The transfer line was rebuilt to the intended design with more rigorous QA/QC controls to ensure a higher liner standard and refractory installation.
Failure of secondary reformer due to top dish head rupture
After more than 41 years of trouble-free service, a fire jet with an explosion occurred due to loss of containment from a secondary reformer top dish head at Fauji Fertilizers. A crack in the pipe base metal allowed the premature entry of air into the flammable process gas environment ahead of the burner, where it ignited, causing failure of the refractory, exposing the metal surface to high temperatures of burning gas, resulting in a dish-head rupture. The dish head was restored by welding an insert patch, three-dimensionally formed from a carbon steel plate, using in-house resources and plant production was resumed in just 15 days.

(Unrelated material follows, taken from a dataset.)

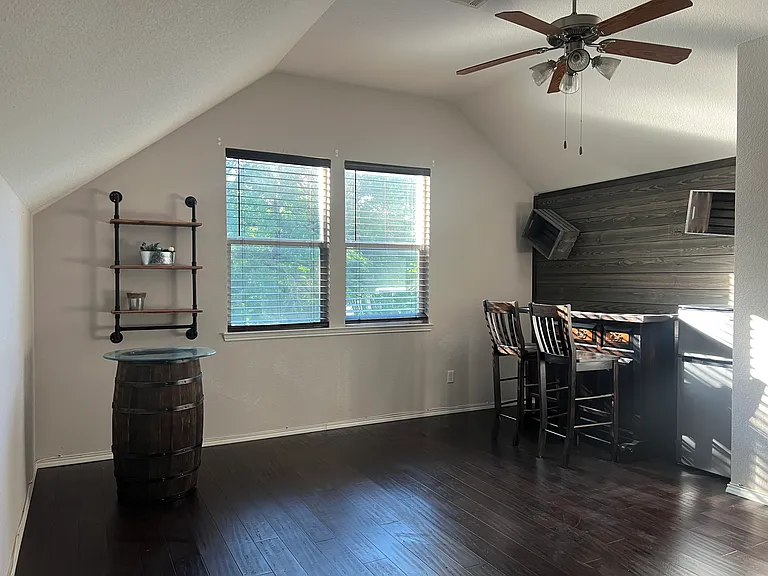 Entertainment area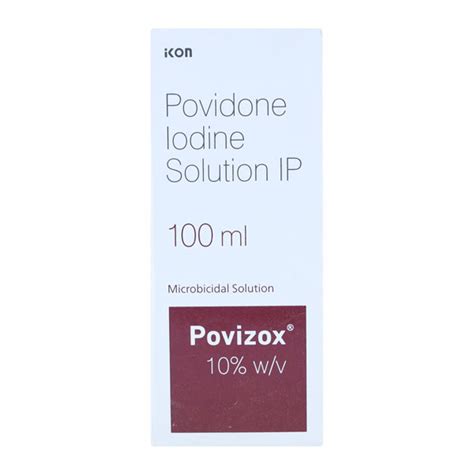 Buy POVIZOX 10 Solution 100ml Online At Upto 25 OFF Netmeds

Secondary reformers’ failures are rare in the industry, and the risks associated with such failures are normally very high. The explosion at FFC resulted from a weld crack in the air inlet pipe of the burner. This crack formed a passage that let air into the reformer, ahead of the burner, where flammable process gas ignited, and this failed the refractory, thus exposing the metal surface to very high temperatures above the design values and eventually resulting in loss of containment. The failure’s root cause was weakness in the design, which the designer improved in later years at new plants. However, this improvement was not carried out on this ~41-year-old equipment due to a lack of communication and documentation sharing. Learning from the incident, a robust action plan was developed to address vulnerable areas and mitigate risks associated with ageing plants, including improved liaison with the process licensor and document sharing, RBI and PSM systems implementation and establishment of an Asset Reliability and Integrity department.
Mixed feed reheater manifold and piping failures
A significant failure occurred on the mixed feed reheater (B-901) 304H stainless steel outlet piping system at Nutrien number 3 ammonia plant in Point Lisas, Trinidad in July 2022. This paper explored the failure of the piping and presented an analysis of the causal factors. The effects of creep, sigma phase embrittlement and solidification cracking are examined, and the lessons learnt were highlighted.

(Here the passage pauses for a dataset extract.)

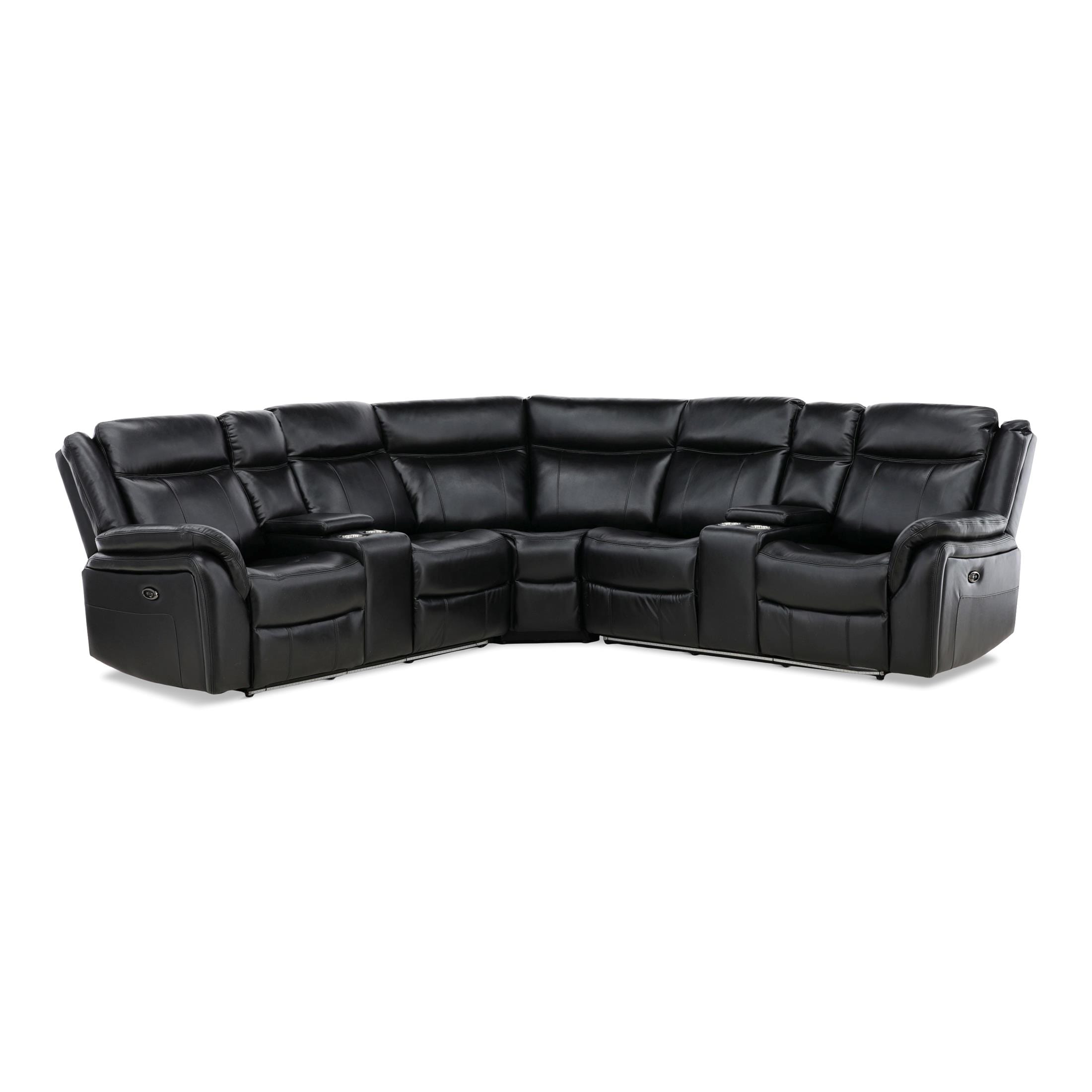 Acer 3-Piece Power Reclining Sectional - Set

During start-up operations a hissing sound was heard near the mixed feed reheater. Insulation was seen dislodged from the area where the hissing sound was being emitted, prompting an immediate plant shutdown. Further investigation revealed multiple cracks on the mixed feed reheater outlet manifold and associated outlet piping from B-901 to the B-701 primary reformer. Repairs and partial replacement were conducted on the failed sections to return the plant to production, with the intent of a complete replacement during the October 2022 turnaround.

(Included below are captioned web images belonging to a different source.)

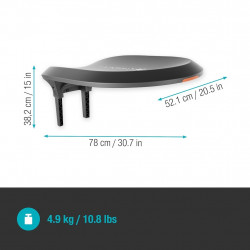 Abri pour tondeuse robot – Compatible smart SILENO max et free – Toit ouvrant - GARDENA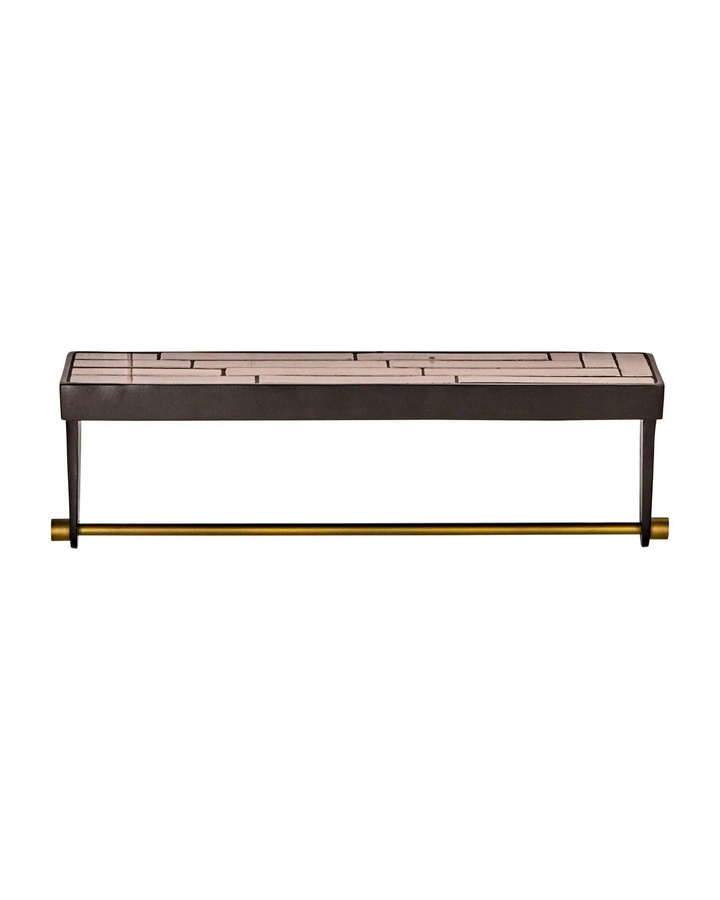 House Doctor Wandregal Rowel beige Breite: 45 cm - Bild 1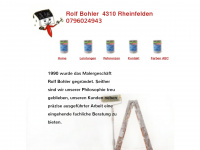 maler-bohler.ch Webseite Vorschau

Type 304H stainless steel is widely used in the industry and has shown good performance overall. However, it is recognised that 304H stainless steel is susceptible to sigma phase embrittlement after prolonged periods of high-temperature operation. Detailed review and selection of electrode specification is necessary to ensure the produced ferrite content is within the recommended electrode specification to avoid sigma phase embrittlement and solidification cracking. The presence of the sigma phase is directly related to reduced creep ductility, as was observed in the failures. Solidification cracking can be prevented during welding with adequate quality control.
The failures have brought awareness to the importance of adjusting inspection test plans to capture all potential damage mechanisms adequately. Inspection test plans for in-service operation and fabrication/repair activities should be provided. Emphasis should be placed on inspection and possible asset replacement to mitigate against these damage mechanisms in aging facilities.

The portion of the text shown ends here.